> **Exercise details**: Write out each line from the data below that includes the word "Kawasaki".

> **Information**:
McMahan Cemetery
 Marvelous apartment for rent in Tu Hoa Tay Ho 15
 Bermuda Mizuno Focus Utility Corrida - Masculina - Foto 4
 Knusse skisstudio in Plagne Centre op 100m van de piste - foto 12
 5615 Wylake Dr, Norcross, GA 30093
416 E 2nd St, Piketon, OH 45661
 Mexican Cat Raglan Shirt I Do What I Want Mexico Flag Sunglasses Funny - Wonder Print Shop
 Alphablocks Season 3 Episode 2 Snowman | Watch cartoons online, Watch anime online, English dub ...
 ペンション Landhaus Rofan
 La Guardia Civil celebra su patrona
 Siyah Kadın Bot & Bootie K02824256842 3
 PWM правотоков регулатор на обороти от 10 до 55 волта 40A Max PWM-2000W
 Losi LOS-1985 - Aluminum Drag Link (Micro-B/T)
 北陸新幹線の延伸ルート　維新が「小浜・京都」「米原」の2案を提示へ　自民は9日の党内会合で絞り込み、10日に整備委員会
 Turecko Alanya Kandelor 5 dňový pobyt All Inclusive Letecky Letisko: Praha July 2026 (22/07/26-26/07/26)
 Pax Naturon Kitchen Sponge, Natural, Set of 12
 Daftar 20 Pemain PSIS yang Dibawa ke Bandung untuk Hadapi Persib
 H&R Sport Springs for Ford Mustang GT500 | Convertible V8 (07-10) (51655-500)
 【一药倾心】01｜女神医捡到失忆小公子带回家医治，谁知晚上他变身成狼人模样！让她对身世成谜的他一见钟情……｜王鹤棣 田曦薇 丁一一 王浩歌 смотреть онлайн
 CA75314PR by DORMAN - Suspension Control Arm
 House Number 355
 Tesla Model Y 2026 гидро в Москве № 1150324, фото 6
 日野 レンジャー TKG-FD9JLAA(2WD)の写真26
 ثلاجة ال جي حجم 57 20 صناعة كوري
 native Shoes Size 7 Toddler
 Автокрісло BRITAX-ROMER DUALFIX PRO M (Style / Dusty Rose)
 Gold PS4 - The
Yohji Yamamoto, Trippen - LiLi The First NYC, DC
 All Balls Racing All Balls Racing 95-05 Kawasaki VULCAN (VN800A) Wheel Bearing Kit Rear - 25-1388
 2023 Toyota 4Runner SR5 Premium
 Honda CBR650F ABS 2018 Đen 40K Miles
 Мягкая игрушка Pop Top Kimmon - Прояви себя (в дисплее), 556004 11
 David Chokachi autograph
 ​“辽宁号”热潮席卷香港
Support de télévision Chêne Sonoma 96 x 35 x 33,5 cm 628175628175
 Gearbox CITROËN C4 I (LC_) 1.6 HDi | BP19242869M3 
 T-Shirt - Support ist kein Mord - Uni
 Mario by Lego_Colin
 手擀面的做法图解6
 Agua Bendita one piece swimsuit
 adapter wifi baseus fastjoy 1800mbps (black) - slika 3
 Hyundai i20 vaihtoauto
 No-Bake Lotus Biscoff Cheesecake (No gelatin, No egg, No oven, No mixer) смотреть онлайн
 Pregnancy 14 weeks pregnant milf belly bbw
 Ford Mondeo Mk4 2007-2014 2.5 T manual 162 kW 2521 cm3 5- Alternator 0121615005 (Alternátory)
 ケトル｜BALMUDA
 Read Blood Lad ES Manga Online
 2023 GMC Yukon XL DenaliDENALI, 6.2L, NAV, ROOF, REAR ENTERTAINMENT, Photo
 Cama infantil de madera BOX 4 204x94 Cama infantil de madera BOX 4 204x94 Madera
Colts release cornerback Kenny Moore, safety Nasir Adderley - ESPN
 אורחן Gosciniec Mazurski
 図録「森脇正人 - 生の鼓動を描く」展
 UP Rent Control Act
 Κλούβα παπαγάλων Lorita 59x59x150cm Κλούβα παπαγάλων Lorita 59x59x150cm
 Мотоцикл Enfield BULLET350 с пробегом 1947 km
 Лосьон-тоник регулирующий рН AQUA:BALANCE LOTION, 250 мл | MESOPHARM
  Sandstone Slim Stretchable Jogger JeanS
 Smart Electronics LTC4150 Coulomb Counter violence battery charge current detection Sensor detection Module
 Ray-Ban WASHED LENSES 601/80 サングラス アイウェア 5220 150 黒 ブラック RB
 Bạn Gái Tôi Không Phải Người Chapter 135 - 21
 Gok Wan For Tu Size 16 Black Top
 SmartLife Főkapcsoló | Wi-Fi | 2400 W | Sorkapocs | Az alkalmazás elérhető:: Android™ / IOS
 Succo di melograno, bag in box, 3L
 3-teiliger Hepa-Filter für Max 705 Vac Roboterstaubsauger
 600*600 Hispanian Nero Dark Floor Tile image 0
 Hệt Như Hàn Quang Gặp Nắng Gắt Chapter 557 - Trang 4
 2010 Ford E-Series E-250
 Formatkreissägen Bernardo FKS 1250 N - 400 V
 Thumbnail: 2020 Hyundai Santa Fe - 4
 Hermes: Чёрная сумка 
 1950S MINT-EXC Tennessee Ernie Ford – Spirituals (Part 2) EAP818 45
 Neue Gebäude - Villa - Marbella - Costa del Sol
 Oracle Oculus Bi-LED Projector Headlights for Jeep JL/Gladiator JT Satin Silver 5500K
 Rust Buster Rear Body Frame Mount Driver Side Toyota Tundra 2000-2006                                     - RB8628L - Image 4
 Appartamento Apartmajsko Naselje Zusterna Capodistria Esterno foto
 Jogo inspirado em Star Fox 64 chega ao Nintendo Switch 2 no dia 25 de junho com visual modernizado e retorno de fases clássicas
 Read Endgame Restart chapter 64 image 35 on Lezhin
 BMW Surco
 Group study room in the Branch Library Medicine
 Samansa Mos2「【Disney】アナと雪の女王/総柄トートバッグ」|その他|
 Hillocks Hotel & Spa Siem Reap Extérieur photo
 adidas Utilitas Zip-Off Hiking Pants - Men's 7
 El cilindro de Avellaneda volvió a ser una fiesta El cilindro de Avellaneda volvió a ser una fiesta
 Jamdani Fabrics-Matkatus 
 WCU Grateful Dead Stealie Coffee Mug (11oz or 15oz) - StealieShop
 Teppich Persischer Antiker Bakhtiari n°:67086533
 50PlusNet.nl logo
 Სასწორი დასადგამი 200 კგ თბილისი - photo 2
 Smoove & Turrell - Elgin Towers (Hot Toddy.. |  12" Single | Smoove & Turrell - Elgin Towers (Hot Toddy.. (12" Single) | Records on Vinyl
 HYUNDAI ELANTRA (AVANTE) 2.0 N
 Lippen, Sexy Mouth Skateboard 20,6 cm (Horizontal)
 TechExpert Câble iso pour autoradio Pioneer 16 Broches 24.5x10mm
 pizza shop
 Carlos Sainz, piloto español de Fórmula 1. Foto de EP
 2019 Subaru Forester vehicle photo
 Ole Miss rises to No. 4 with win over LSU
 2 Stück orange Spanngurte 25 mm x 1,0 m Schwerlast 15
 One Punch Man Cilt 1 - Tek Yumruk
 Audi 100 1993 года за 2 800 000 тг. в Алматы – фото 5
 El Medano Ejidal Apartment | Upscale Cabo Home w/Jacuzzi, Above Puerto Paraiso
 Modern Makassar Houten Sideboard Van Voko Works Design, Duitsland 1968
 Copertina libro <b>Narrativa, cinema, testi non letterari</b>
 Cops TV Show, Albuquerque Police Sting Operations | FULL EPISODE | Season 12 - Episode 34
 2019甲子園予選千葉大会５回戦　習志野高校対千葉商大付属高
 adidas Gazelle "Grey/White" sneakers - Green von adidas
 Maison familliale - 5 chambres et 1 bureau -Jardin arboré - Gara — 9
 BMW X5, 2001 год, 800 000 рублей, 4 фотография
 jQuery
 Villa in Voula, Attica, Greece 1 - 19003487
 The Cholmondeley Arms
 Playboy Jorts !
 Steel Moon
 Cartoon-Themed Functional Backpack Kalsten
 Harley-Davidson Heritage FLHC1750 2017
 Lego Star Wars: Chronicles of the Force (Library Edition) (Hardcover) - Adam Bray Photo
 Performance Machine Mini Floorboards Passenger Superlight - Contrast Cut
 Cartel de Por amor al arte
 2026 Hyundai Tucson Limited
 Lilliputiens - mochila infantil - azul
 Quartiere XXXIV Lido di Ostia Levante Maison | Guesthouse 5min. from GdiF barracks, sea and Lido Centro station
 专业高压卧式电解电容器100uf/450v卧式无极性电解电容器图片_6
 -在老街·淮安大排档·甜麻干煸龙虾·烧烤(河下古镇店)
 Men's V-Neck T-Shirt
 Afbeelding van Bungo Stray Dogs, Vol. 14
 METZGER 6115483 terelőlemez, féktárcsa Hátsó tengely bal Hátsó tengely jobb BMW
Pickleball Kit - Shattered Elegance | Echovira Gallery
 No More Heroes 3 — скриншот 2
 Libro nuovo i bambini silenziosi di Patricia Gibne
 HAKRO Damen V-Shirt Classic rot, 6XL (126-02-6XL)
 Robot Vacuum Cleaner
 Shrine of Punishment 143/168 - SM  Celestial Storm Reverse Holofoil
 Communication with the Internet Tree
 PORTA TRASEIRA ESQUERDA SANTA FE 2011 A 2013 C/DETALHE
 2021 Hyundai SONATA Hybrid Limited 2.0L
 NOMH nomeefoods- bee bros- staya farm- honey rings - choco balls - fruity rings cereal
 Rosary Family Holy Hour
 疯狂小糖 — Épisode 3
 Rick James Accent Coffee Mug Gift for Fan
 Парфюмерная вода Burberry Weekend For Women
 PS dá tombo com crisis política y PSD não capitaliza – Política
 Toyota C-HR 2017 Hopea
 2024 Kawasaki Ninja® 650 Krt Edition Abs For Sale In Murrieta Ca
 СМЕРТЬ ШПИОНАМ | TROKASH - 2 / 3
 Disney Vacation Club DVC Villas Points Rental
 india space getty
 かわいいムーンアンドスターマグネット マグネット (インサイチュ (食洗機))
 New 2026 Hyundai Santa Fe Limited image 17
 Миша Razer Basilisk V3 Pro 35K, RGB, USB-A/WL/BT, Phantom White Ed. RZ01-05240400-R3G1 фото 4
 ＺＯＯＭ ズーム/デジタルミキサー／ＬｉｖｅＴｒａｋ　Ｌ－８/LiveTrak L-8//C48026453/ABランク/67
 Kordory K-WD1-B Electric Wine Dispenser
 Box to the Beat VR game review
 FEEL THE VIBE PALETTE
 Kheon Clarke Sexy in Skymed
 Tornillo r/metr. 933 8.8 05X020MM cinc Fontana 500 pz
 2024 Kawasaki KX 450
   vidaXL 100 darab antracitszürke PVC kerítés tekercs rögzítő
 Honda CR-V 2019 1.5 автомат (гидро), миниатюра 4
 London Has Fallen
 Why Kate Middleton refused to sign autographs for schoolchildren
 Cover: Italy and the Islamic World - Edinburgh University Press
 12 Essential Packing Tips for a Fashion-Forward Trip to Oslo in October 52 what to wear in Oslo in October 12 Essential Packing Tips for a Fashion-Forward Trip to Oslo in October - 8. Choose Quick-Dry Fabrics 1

> **Written solution**:
 All Balls Racing All Balls Racing 95-05 Kawasaki VULCAN (VN800A) Wheel Bearing Kit Rear - 25-1388
 2024 Kawasaki Ninja® 650 Krt Edition Abs For Sale In Murrieta Ca
 2024 Kawasaki KX 450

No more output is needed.